_SUPPLIED ENTRIES_:
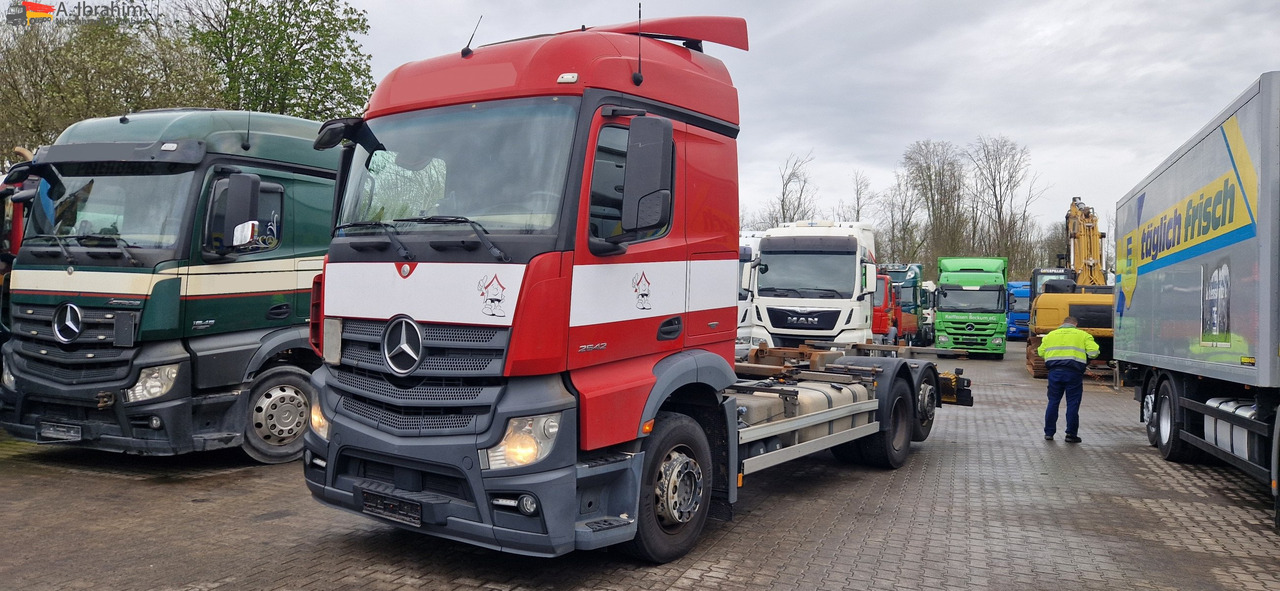 Mercedes-Benz DB 2542 Scheckheft gepflegt bei Mercedes, Euro 5 - Containertransporter/ Wissellaadbak vrachtwagen: afbeelding 1 Mercedes-Benz DB 2542 Scheckheft gepflegt bei Mercedes, Euro 5 - Containertransporter/ Wissellaadbak vrachtwagen: afbeelding 1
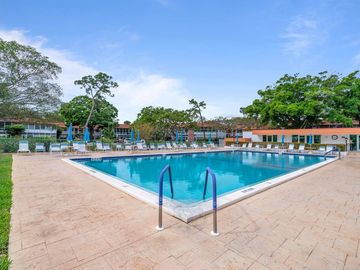 Swimming Pool, 2600 SE Ocean Boulevard SE #1, Stuart, FL, 34996, 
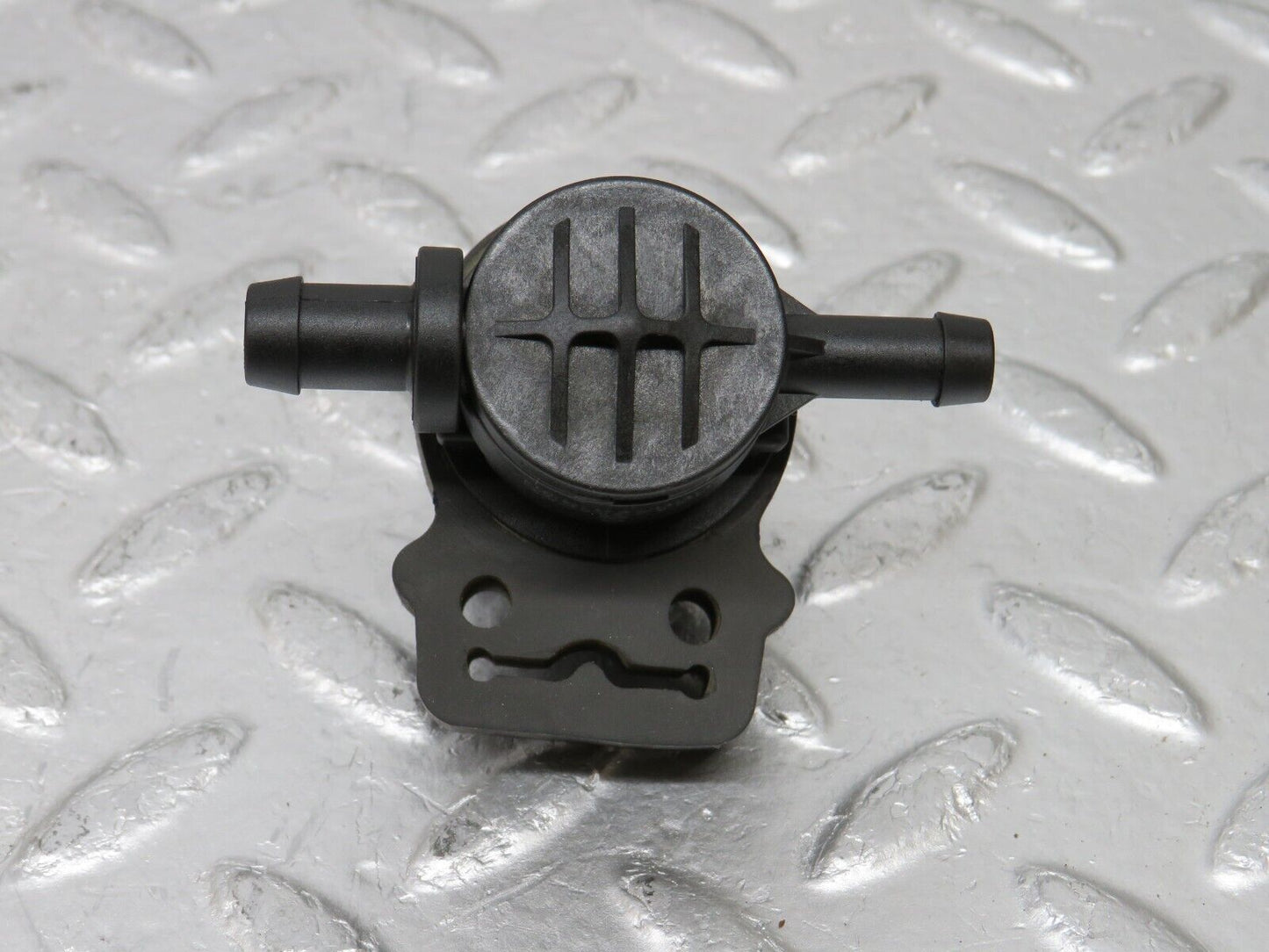 34750 Mercedes-Benz W210 320E Fuel Regeneration Vacuum Valve 0004701593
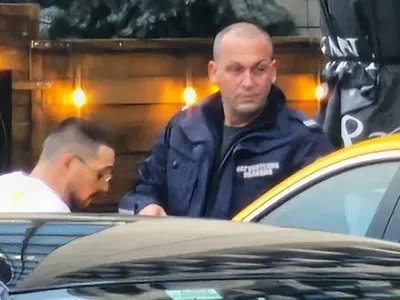 Полиция подпука Марио от "Биг брадър" (Снимки)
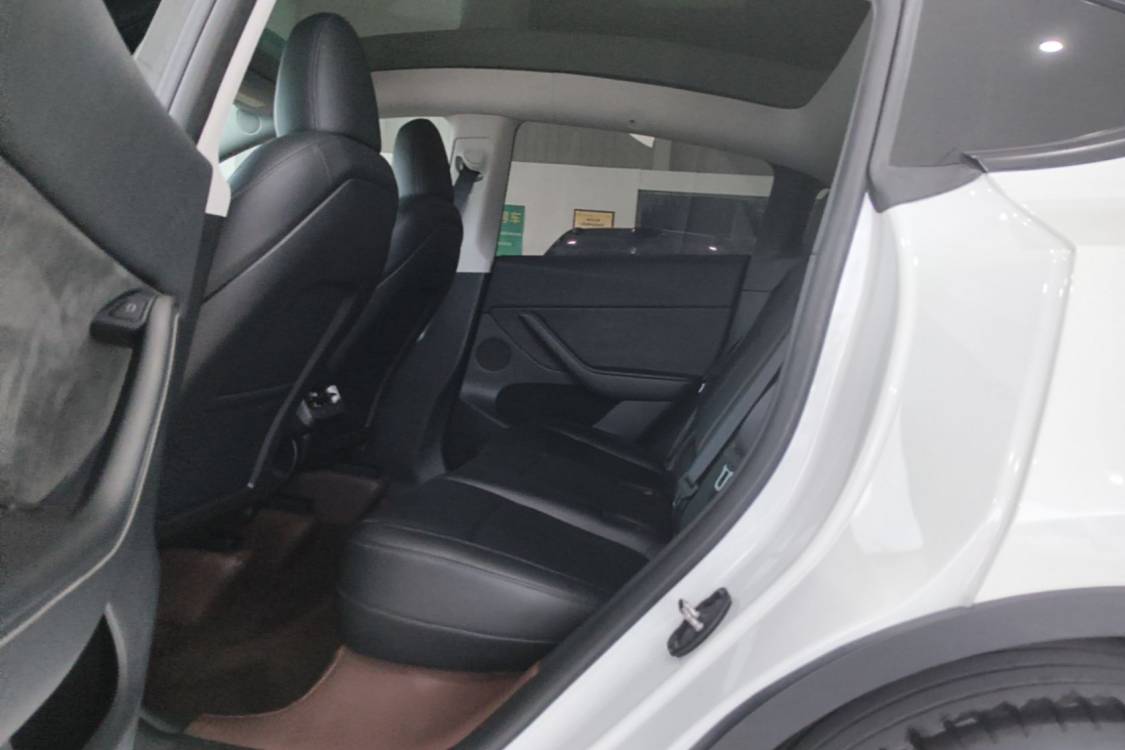 Tesla Model Y 2024 #13 Tesla Model Y 2024 car image #13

_YOUR INSTRUCTIONS_:
The lines to copy run from the line containing "Swimming Pool, 2600" through the end of the data above; copy exactly those, minus the pictures.

_OUTPUT_:
 Swimming Pool, 2600 SE Ocean Boulevard SE #1, Stuart, FL, 34996, 
 34750 Mercedes-Benz W210 320E Fuel Regeneration Vacuum Valve 0004701593
 Полиция подпука Марио от "Биг брадър" (Снимки)
 Tesla Model Y 2024 #13 Tesla Model Y 2024 car image #13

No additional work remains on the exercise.